== Required action ==
Instruction for the data below: set down exactly the lines from the line with "Amino Replete (8.5 oz)" to the line with "Inchiriez apartament 2 dormitoare - 5", inclusive, and no others.

== Web page caption snippets ==
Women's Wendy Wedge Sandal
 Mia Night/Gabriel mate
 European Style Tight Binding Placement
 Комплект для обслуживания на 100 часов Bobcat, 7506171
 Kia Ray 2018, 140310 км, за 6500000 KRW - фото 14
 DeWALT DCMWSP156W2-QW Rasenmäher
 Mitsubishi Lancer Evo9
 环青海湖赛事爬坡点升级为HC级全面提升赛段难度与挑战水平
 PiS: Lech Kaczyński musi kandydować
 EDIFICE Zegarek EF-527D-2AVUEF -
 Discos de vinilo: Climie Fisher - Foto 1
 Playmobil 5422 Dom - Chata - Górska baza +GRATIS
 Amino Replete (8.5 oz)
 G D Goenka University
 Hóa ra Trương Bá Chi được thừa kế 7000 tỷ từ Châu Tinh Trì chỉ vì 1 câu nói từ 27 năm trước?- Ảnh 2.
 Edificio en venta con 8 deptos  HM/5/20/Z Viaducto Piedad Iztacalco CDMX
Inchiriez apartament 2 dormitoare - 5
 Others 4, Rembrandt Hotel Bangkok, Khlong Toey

== Output of the task ==
 Amino Replete (8.5 oz)
 G D Goenka University
 Hóa ra Trương Bá Chi được thừa kế 7000 tỷ từ Châu Tinh Trì chỉ vì 1 câu nói từ 27 năm trước?- Ảnh 2.
 Edificio en venta con 8 deptos  HM/5/20/Z Viaducto Piedad Iztacalco CDMX
Inchiriez apartament 2 dormitoare - 5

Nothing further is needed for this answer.